# Rats for Adoption



## Argent (Oct 18, 2009)

Will soon have some - will post details asap, hoping someone on here might be interested in adopting them. If someone confirms they can take them, I can give the go-ahead to pick them up to get to someone in the North West.


----------



## Maltey (Nov 29, 2011)

I may be interested- it would depend on their details and possibility of transport but just do you know there's some interest and now I can get updates for the thread


----------



## Argent (Oct 18, 2009)

Well first detail - they're in Cornwall, so transport by me will have to be organized...I'm up in Liverpool and can't really do anything about that.


----------



## Guest (Jun 14, 2012)

Argent said:


> Well first detail - they're in Cornwall, so transport by me will have to be organized...I'm up in Liverpool and can't really do anything about that.


Where abouts in Cornwall?
That's where I'm from originally so have friends down there that could help get them to the East depending on where they are at the moment 

Oh and I might be interested depending on details and if we can get them here


----------



## Argent (Oct 18, 2009)

Okay, have asked my friend where abouts, found out late last night one is about 12 months, the other 6 months old.


----------



## Guest (Jun 14, 2012)

Is there just the two?


----------



## Argent (Oct 18, 2009)

From what I can gather, yes. Men are useless at giving details lol.


----------



## Guest (Jun 14, 2012)

Argent said:


> From what I can gather, yes. Men are useless at giving details lol.

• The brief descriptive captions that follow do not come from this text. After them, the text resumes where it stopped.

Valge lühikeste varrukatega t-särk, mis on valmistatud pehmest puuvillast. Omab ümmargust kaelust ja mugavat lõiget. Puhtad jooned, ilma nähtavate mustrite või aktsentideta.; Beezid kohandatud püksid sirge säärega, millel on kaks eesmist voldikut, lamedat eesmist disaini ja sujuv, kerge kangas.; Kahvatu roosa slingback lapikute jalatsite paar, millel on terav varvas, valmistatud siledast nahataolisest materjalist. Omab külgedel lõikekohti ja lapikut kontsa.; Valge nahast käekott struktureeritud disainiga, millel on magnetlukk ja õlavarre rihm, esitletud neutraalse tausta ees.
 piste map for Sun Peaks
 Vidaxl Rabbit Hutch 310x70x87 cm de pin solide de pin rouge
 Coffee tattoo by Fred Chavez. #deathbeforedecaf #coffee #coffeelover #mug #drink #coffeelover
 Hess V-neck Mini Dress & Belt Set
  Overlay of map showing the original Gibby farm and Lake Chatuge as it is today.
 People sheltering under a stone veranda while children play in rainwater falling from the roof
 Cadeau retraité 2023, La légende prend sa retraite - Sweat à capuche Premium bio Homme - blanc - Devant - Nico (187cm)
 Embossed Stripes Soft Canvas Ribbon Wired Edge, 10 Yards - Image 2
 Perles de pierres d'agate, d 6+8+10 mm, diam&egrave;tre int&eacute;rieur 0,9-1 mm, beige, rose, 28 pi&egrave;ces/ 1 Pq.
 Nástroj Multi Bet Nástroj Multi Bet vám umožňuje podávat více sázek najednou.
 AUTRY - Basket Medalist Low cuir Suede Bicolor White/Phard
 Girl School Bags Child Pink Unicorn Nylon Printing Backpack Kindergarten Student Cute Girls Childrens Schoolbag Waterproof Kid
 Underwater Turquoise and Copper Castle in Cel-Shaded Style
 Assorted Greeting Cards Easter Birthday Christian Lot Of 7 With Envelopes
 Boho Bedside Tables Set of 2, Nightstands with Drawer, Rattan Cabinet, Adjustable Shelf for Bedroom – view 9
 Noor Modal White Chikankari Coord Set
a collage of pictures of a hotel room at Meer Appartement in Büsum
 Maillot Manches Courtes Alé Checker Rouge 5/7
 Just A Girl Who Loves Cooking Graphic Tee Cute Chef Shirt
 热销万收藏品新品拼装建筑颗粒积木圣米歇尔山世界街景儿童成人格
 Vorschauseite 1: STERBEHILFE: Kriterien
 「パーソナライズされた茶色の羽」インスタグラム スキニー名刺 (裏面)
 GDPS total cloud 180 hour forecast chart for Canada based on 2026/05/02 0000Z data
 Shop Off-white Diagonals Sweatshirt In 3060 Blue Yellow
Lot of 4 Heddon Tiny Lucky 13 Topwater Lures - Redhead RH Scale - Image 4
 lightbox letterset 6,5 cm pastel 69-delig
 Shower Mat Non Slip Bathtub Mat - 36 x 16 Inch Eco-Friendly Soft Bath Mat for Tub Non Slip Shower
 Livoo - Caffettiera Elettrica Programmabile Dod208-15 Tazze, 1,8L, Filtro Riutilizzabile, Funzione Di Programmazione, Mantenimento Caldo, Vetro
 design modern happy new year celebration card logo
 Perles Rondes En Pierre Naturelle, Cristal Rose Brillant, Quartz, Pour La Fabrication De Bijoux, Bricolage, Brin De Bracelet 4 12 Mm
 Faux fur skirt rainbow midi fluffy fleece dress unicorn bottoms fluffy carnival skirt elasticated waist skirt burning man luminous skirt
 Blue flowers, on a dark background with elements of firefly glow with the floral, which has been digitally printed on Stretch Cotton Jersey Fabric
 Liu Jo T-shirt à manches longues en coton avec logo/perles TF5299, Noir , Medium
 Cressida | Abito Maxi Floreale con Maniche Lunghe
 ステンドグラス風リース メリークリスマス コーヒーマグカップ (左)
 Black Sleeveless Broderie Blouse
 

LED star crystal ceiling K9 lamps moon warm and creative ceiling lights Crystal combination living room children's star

You're not wrong there :lol:


----------



## Argent (Oct 18, 2009)

Haha so glad you can help out hun, from what I can gather, my 'friend's' friend doesn't seem to have a clue how to go about 'getting rid', it's only lucky this guy remembered me from Uni and my ratty raving XD


----------



## Guest (Jun 14, 2012)

Argent said:


> Haha so glad you can help out hun, from what I can gather, my 'friend's' friend doesn't seem to have a clue how to go about 'getting rid', it's only lucky this guy remembered me from Uni and my ratty raving XD


Well I hope I can, Cornwall is a big place (yeah I know I'm a country bumkin and it's not in the grand scheme of things :lol so it all depends where they are and if I can bribe my friends to make a road trip


----------



## Argent (Oct 18, 2009)

Righto, are the trains decent down there? Might prove useful, I've picked up rats all over the north west on the trains lol.


----------



## Guest (Jun 14, 2012)

Argent said:


> Righto, are the trains decent down there? Might prove useful, I've picked up rats all over the north west on the trains lol.


That depends completely where, some towns don't have access to a rail link. In fact public transport can be a bit hit and miss depending on where it is


----------



## niki87 (Nov 18, 2009)

I am down in Essex again this weekend...can't do much travelling around there...but can do the trip up to Northwest if that is any help?


----------



## Argent (Oct 18, 2009)

Well the ratties are based in Cornwall...I just need to find out where in Cornwall and we can see about them being picked up etc.


----------



## bewitched (Jun 9, 2010)

If all else fails Jess, I have room so can come and get them off you. I'll just tell the OH I'm looking after them temporarily :lol:


----------



## Mad4Muttz (Apr 11, 2012)

aww thats so sweet Jess- to adopt rats xx especially babies

dont forget the pics :tongue_smilie:


----------



## Argent (Oct 18, 2009)

Okay, they're in Falmouth...


----------



## Mad4Muttz (Apr 11, 2012)

my brother can drive He likes the motorway- will ask him i am sure he wont mind


----------



## Argent (Oct 18, 2009)

I am not looking at getting them for me, B3rnie is down south already, if possible, she wants to adopt them.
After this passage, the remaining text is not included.